▸ What you should do:
Once the pictures are set aside, reproduce the remaining data exactly.
Supplied information: Begin
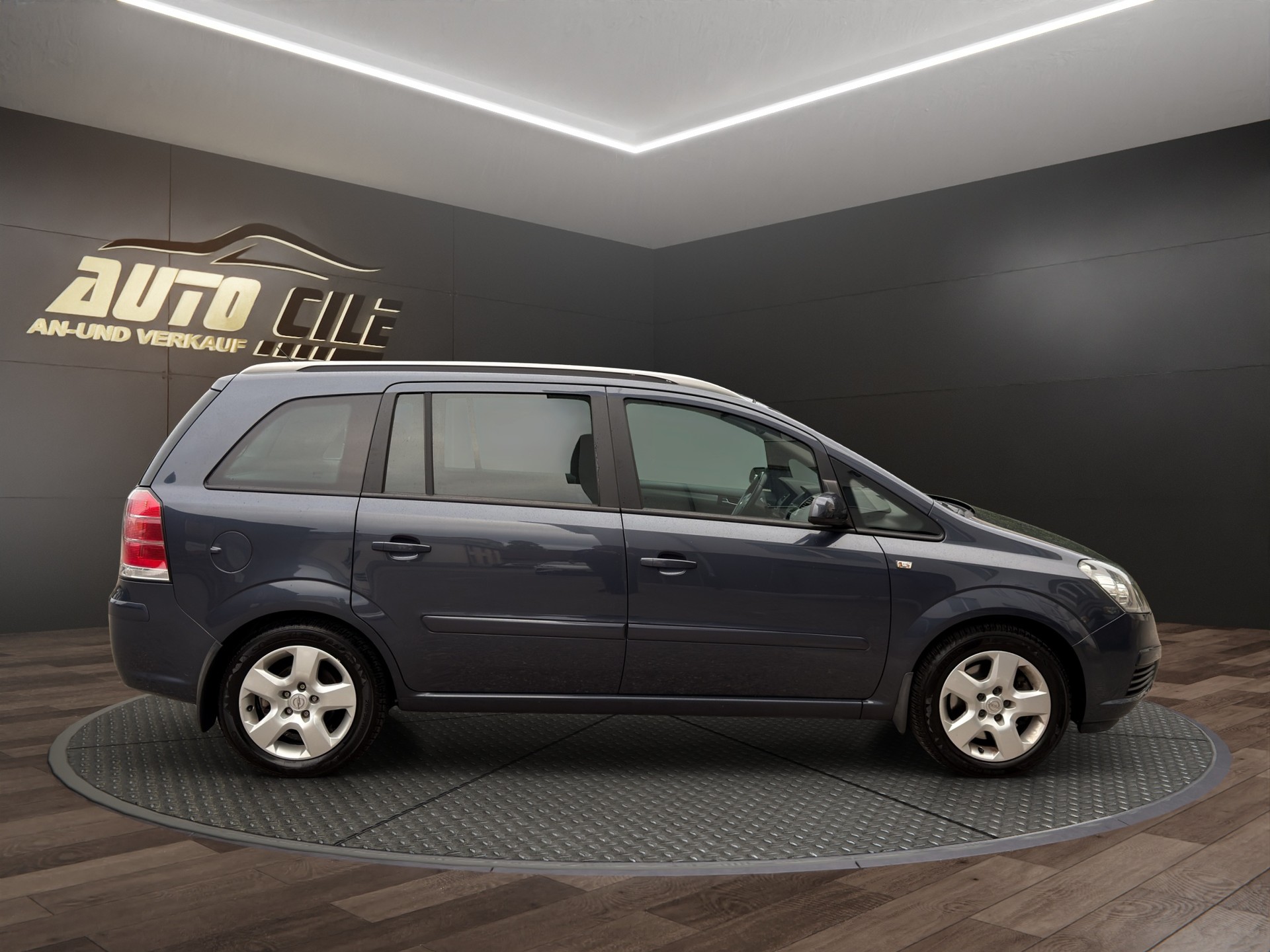 OPEL Zafira 2.2i 16V Sport-image-4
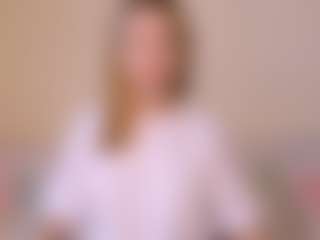 Kathrynn18's Live Sex Cam Show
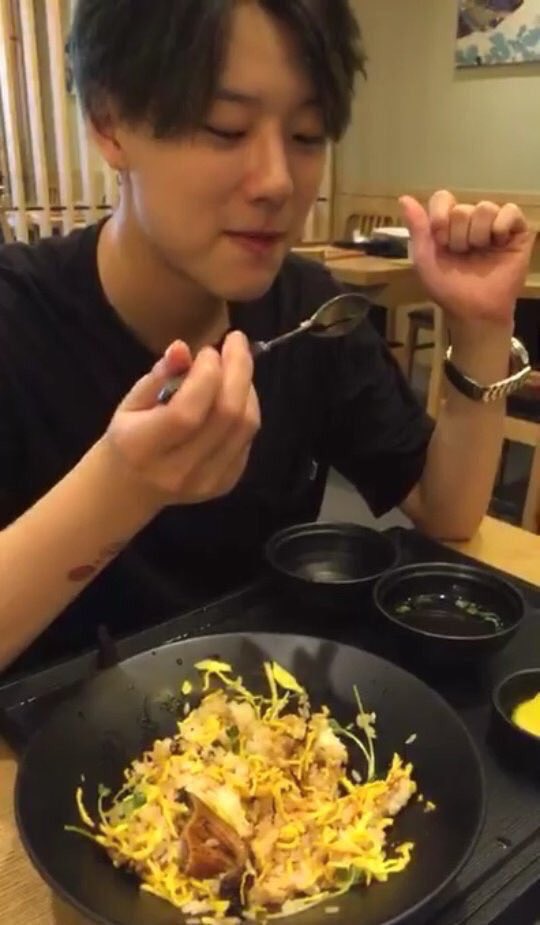 jsmtjyygyjbbjb's tweet photo. ไหนๆก็ไหนๆแล้ว ขอบริจาครูปพิซึงยอนผัวทิพย์มาหน่อยค่ะ จะเก็บเข้าคอลเลคชั่น โดนพี่เค้าตกหนักมาก  ผู้ชายคนนี้นี่มัน ชักจะเอาใหญ่แล้วนะ ใครเห็นทวิตนี้มาร่วมบริจาคได้ค่ะ เพราะพี่เค้าผัวจริง อยากให้โลกรับรู้ถึง���วามผัวพิซึงยอน https://t.co/1Uf3ttH5ZP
Supplied information: End
▸ Reply:
 OPEL Zafira 2.2i 16V Sport-image-4
 Kathrynn18's Live Sex Cam Show
 jsmtjyygyjbbjb's tweet photo. ไหนๆก็ไหนๆแล้ว ขอบริจาครูปพิซึงยอนผัวทิพย์มาหน่อยค่ะ จะเก็บเข้าคอลเลคชั่น โดนพี่เค้าตกหนักมาก  ผู้ชายคนนี้นี่มัน ชักจะเอาใหญ่แล้วนะ ใครเห็นทวิตนี้มาร่วมบริจาคได้ค่ะ เพราะพี่เค้าผัวจริง อยากให้โลกรับรู้ถึง���วามผัวพิซึงยอน https://t.co/1Uf3ttH5ZP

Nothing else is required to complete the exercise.